Libre, reflecting the Koch brothers’ views, supports a broad overhaul of the immigration system, including a path to citizenship. It waged a campaign in support of the Senate’s 2013 immigration effort, including airing in excess of $1 million in television ads. Those positions have put the group at odds with many of the party’s grass-roots conservative voters.

But the group has also drawn the ire of some Hispanic and immigration advocacy groups by raising concerns about some of President Obama’s more sweeping executive actions on immigration, and by pouring money into House races to help defeat two Hispanic lawmakers — Pete P. Gallego of Texas and Joe Garcia of Florida, both Democrats — because they supported the president’s health care plan, among other issues Libre opposes.
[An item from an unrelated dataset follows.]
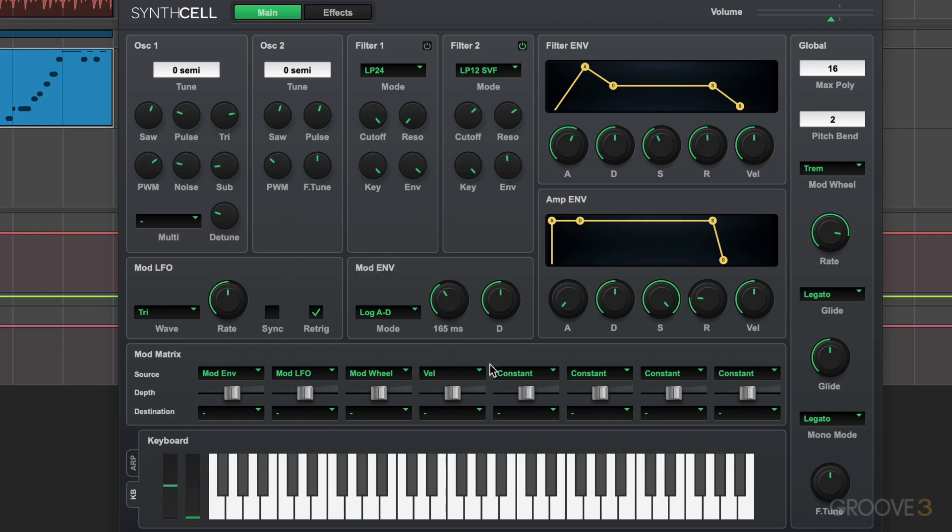So that's the big picture. If you're experienced with synthesis already, you can jump in, start tweaking knobs and making sounds. It's very intuitive. And if you're just starting out, have no worries. We're going to break things down one knob at a time starting in the next video.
Craig Hughes, a Democratic strategist who managed Mr. Obama’s 2008 and 2012 campaigns in Colorado along with Senator Michael Bennet’s 2010 race there, said that while the group’s “potentially unlimited funds” from the Koch network were a source of worry for him, he thought the group would still have a tough time making its pitch to Hispanic voters.

“The question is, does an aggressive outreach and relationship-building program help them when their candidates are at such odds with the population?” Mr. Hughes said. “I am highly doubtful, but I never underestimate the impact of a massive amount of money in politics.”